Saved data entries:
+++

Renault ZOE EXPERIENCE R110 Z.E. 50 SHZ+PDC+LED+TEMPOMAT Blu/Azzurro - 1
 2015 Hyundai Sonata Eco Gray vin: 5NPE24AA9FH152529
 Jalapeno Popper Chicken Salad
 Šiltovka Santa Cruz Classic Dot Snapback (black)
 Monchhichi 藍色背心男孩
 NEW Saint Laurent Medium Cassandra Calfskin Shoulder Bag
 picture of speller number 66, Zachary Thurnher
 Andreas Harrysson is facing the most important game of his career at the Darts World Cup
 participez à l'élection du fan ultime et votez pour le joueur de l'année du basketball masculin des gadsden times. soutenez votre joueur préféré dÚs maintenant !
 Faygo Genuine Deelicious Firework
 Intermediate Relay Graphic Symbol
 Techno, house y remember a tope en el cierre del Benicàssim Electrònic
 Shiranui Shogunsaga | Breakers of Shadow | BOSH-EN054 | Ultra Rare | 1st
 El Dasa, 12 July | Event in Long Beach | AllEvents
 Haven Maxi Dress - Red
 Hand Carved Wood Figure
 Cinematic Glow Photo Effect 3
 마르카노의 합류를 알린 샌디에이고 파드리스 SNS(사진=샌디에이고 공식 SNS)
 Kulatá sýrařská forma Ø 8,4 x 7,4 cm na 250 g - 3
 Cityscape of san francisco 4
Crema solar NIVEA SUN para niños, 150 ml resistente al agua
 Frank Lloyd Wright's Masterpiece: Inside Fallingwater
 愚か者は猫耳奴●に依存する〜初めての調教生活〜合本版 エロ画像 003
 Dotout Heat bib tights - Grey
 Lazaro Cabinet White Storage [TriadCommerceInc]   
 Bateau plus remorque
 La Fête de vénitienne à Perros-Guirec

+++

Work to be completed:
Repeat, word for word, every line above.

Response:
Renault ZOE EXPERIENCE R110 Z.E. 50 SHZ+PDC+LED+TEMPOMAT Blu/Azzurro - 1
 2015 Hyundai Sonata Eco Gray vin: 5NPE24AA9FH152529
 Jalapeno Popper Chicken Salad
 Šiltovka Santa Cruz Classic Dot Snapback (black)
 Monchhichi 藍色背心男孩
 NEW Saint Laurent Medium Cassandra Calfskin Shoulder Bag
 picture of speller number 66, Zachary Thurnher
 Andreas Harrysson is facing the most important game of his career at the Darts World Cup
 participez à l'élection du fan ultime et votez pour le joueur de l'année du basketball masculin des gadsden times. soutenez votre joueur préféré dÚs maintenant !
 Faygo Genuine Deelicious Firework
 Intermediate Relay Graphic Symbol
 Techno, house y remember a tope en el cierre del Benicàssim Electrònic
 Shiranui Shogunsaga | Breakers of Shadow | BOSH-EN054 | Ultra Rare | 1st
 El Dasa, 12 July | Event in Long Beach | AllEvents
 Haven Maxi Dress - Red
 Hand Carved Wood Figure
 Cinematic Glow Photo Effect 3
 마르카노의 합류를 알린 샌디에이고 파드리스 SNS(사진=샌디에이고 공식 SNS)
 Kulatá sýrařská forma Ø 8,4 x 7,4 cm na 250 g - 3
 Cityscape of san francisco 4
Crema solar NIVEA SUN para niños, 150 ml resistente al agua
 Frank Lloyd Wright's Masterpiece: Inside Fallingwater
 愚か者は猫耳奴●に依存する〜初めての調教生活〜合本版 エロ画像 003
 Dotout Heat bib tights - Grey
 Lazaro Cabinet White Storage [TriadCommerceInc]   
 Bateau plus remorque
 La Fête de vénitienne à Perros-Guirec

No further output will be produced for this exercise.